First, we have to understand that the complexity of the 1040 form has gotten much worse over time. As David Yanofsky points out in his article for Quartz, over the last 20 years the length of the 1040 form has increased by 21 percent.
Here's a short graphic of how the code has changed over time:
The length of the instructional booklet for the 1040 form has also doubled in size to 189 pages. That is because each line is filled with a different set of instructions, which can apply to different people at different times. That brings us to why simplifying the 74,000 page long tax code isn't all that simple.
When some deductions and some credits are taken away from some people, it results in a more complex code. So even as lawmakers seek to streamline the tax system, it can really just create more lines of code attached to longer appendices. Question any lawmaker that makes blanket statements concerning the tax code. Every deduction, every incentive must be met with an explanation. As Congress takes away or expands incentives, tax breaks or credits, the tax code increases in size. The best example of this is perhaps with the 20 various kinds of tax-preferred savings accounts someone can choose from. Each of those accounts comes equipped with a different set of rules. People say they want a simpler tax code but they don’t want to pay more taxes, or give up any of their deductions or credits. There’s an obvious disconnect here.

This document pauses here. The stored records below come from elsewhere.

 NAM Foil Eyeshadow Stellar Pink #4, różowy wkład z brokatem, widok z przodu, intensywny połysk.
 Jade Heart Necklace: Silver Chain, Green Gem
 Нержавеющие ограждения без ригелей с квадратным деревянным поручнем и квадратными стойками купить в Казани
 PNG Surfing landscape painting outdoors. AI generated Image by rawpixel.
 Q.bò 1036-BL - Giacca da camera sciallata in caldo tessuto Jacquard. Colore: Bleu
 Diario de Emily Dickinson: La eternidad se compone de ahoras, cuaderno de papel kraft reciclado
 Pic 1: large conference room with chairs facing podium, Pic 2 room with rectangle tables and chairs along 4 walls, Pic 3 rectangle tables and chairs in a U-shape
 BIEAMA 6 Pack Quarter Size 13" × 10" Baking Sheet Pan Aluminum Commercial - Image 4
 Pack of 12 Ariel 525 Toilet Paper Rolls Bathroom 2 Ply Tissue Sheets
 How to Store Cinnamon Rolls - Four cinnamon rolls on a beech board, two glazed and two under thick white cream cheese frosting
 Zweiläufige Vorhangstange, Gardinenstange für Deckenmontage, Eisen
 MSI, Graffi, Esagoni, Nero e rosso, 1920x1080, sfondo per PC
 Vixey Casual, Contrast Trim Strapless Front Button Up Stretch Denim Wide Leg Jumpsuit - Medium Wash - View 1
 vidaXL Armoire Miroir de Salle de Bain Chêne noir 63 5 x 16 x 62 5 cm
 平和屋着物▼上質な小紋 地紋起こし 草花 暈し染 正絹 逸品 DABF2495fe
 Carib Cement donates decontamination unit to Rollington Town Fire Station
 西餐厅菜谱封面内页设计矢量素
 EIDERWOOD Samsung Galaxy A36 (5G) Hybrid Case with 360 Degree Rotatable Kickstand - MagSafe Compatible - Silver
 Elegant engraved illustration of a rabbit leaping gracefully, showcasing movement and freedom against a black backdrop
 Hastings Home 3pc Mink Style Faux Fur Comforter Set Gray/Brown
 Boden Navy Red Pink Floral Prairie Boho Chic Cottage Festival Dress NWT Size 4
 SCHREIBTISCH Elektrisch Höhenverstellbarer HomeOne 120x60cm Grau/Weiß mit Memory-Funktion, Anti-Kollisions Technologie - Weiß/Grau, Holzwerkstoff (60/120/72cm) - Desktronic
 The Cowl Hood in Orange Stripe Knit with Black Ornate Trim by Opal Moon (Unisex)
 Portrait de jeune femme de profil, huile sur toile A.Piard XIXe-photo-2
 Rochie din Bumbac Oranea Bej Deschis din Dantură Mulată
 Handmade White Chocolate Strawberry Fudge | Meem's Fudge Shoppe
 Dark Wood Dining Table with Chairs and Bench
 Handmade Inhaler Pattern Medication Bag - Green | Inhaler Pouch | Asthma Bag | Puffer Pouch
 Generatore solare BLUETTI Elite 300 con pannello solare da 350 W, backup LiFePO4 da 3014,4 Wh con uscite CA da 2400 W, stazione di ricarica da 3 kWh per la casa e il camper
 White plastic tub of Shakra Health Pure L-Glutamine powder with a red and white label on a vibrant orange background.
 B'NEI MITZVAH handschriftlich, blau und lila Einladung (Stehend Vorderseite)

Bruce Bartlett wrote an article concerning this for the New York Times and he’s spot on;
“Historically, however, voters have been unwilling to support meaningful simplification efforts and happily put up with complexity if it saves them in taxes. They seem always to fear that “simplification” is some sort of code word for raising their taxes while reducing someone else’s.”
Does that mean that tax reform should never be considered? No. The last time there was a tax overhaul was a quarter-century ago. The barriers that currently prevent us from addressing the tax code are quite large. That is in part because the tax industry itself is quite large. If tax compliance was considered an industry it would be one of the largest industries in the United States. In short, there are a lot of people who have large amounts of money invested in keeping the tax code as complex as possible.
Here's a short video on how the industry of tax preparers in the U.S.:
One of the best examples of this is the mortgage interest deduction. The intent of the deduction is to encourage home ownership, this sounds like a great thing right? Well, if you’re wealthy it’s a really, really, really great thing. Households with incomes above $250,000 are able to write off 10 times more from their tax return due to this deduction than the average household. That’s an example of what is called an “upside-down” deduction. It is something that the super wealthy use to their advantage and it helps them avoid paying taxes, something the average American family just isn’t privy too. When we complain about the complexity of our tax code, we should also be complaining about the inequity of it.
What reforming the tax code really involves is a lot of people giving up things that save them money. As you can imagine, that's not very popular. Every time you close a loophole, someone will be there to try to open another. By someone, I mean around 17,500 someone's in the form of registered tax lobbyists. Does the tax code need to be overhauled, yes. Is it that simple. No. Everyone wants to protect their own share of the tax code. So unless we are all able to come to a miraculous consensus that the best thing for the country is to simplify the code — even if that means giving up some of our sacred tax cows — we shouldn't expect any significant change to happen any time soon.